Task details:
Some entries follow. Reproduce exactly the lines starting at the one with "ARTEGRIA Watercolor Brush" and stopping after the one with "Walnut Brown G435".

Data shown:

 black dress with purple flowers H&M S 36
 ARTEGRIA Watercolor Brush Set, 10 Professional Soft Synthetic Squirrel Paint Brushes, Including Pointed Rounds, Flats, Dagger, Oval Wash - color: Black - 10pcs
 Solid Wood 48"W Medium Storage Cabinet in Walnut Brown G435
* * *
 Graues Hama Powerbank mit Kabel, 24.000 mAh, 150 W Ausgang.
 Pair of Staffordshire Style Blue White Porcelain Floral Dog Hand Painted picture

Output below:
 ARTEGRIA Watercolor Brush Set, 10 Professional Soft Synthetic Squirrel Paint Brushes, Including Pointed Rounds, Flats, Dagger, Oval Wash - color: Black - 10pcs
 Solid Wood 48"W Medium Storage Cabinet in Walnut Brown G435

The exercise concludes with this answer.